Amsterdam’s mayor Femke Halsema has launched a plan to overhaul the Red Light District – the harshest option within the plan advocates for the closure of all brothels.
The first female mayor hopes to protect sex workers from ogling tourists and the numerous problems with human trafficking and abuse of women. But Halsema also assures citizens that this will not be a slippery-slope to outlawing prostitution outright.
The proposed scenarios
The “Future of Window Prostitution in Amsterdam” plan included four main scenarios:
- Stopping street-view (meaning the area would be less appealing for tourists)
- Closing down city centre brothels and setting up business elsewhere
- Reducing and restricting the number of city centre brothels
- Tightening licensing of window workers, such as opening a prostitution hotel
Is the Red Light District just a prop to a unruly stag do?

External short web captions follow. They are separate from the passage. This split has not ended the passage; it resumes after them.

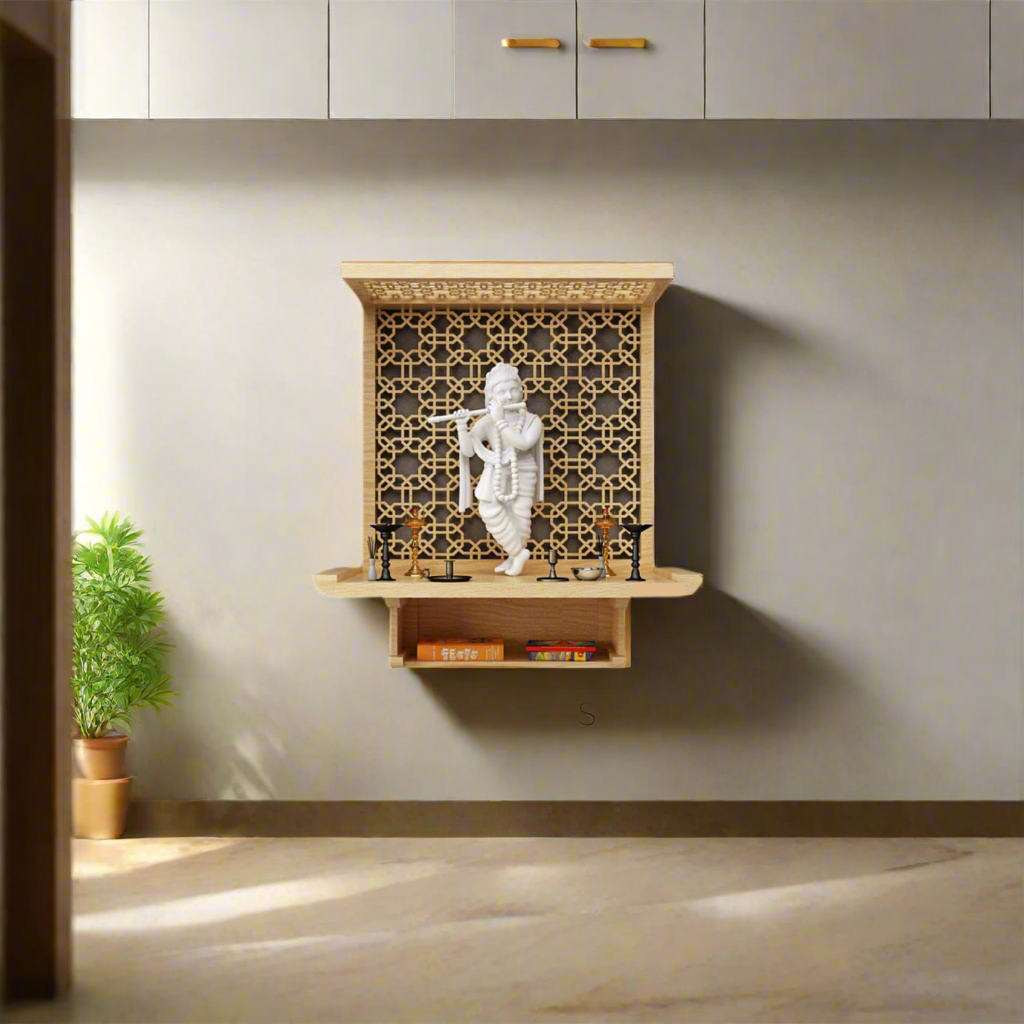 Modern wooden wall-mounted pooja mandir with white Krishna idol and intricate jaali back panel, ideal for contemporary Indian home interiors.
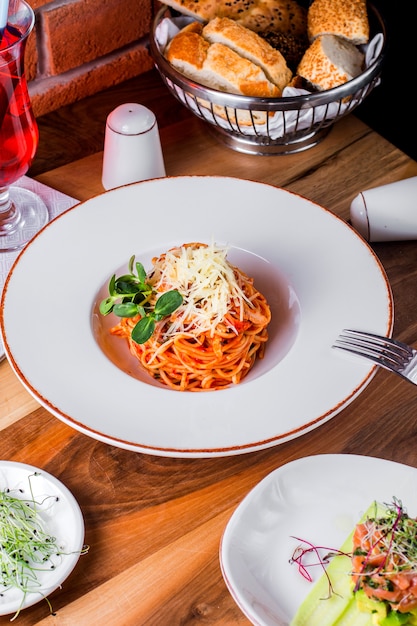 Pastbolognese con vaso de queso de compota sal pimienta y pan en la mesa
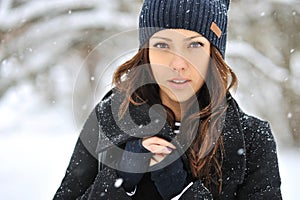 Attractive young woman in wintertime outdoor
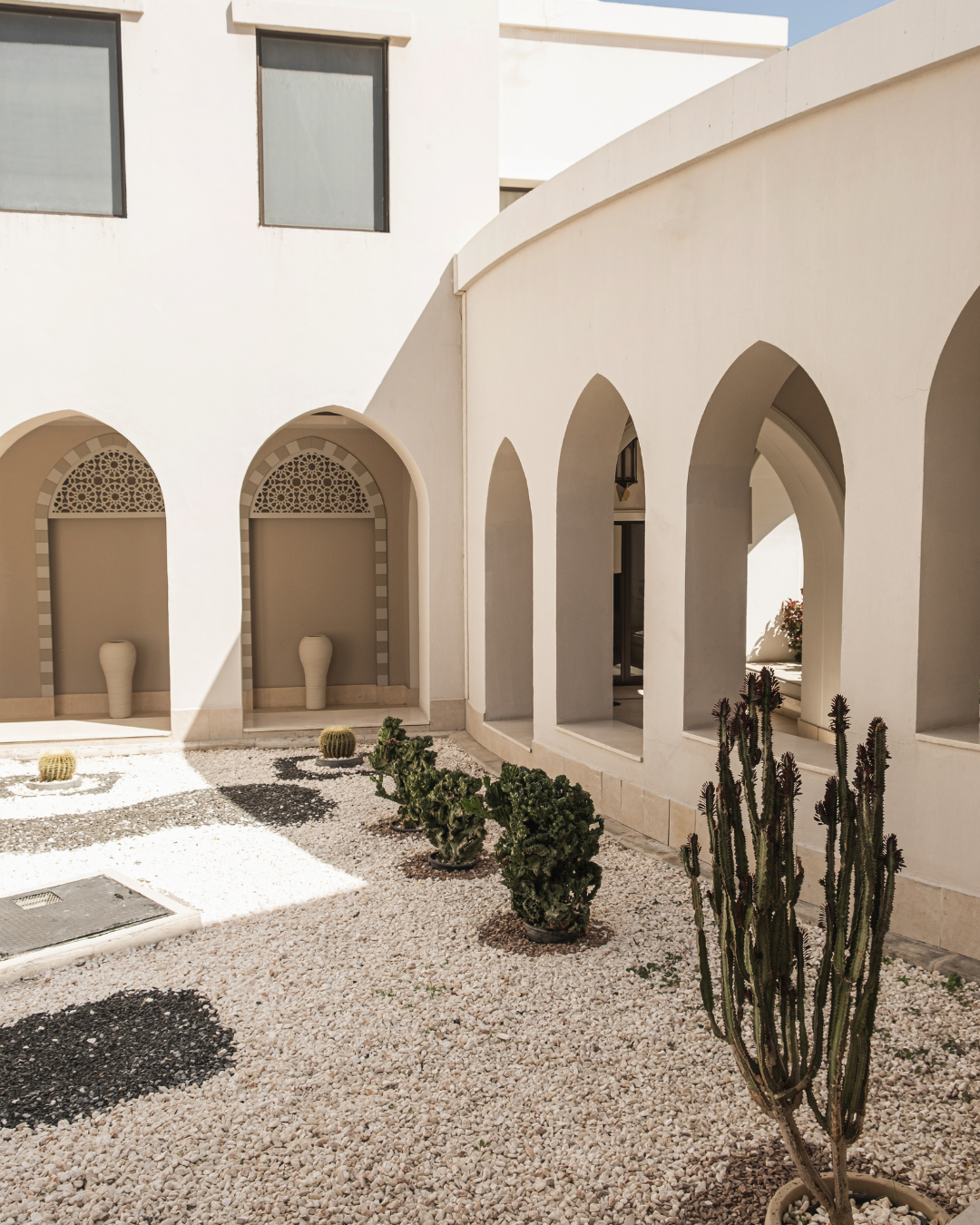 Exterior view of a white Mediterranean-style building with arched doorways and windows, decorative urns, cacti, and gravel landscaping.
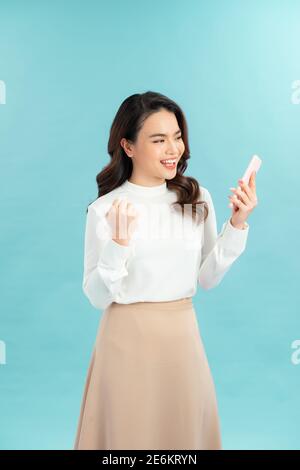 Ritratto foto di giovane bella donna asiatica sentirsi felice o. sorpresa shock e tenere in mano smartphone Foto Stock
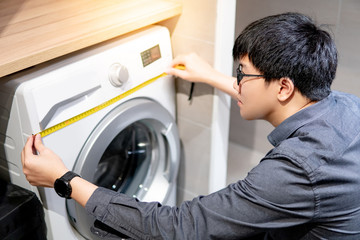 Asian technician man using tape measure for measuring washing machine under wooden counter....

There is a fine line between appreciating and sensationalising a city’s unique areas. The Red Light District currently operates more as a prop to a stag do than an appreciation for the cultural sex work business. Problems with tourism saw the removal of the IAmsterdam sign and guided tours of Red Light District being banned.
The ethics of prostitution are polarising but Halsema believes the rise of human trafficking and the increase in abuse of sex workers makes change necessary.
“I think a lot of the women who work there feel humiliated, laughed at and that’s one of the reasons we are thinking about changing” Halsema said.
Efforts in the past to change the sex work business model in Amsterdam faced strong backlash from sex workers involved in the lucrative industry.
Halsema will present the four options at town hall meetings over the next month before a solution will be chosen and then put to a vote in the city council at the end of the year.
Unruly tourists continue to overcrowd the historic neighbourhood. Cheap flights and online booking boosted tourism numbers of Amsterdam to a whopping 19 million last year. Carefree attitudes and parties galore create the perfect opportunity for a banging time abroad- the ramifications of which, are often left behind when travellers board their flight home.
Attempts to quell tourist-entitlement and boorish behaviour should be welcomed with open arms. However, it begs the question, can tourism in Amsterdam be curbed without stifling the autonomy of those who rely on the Red Light District to make their livelihood?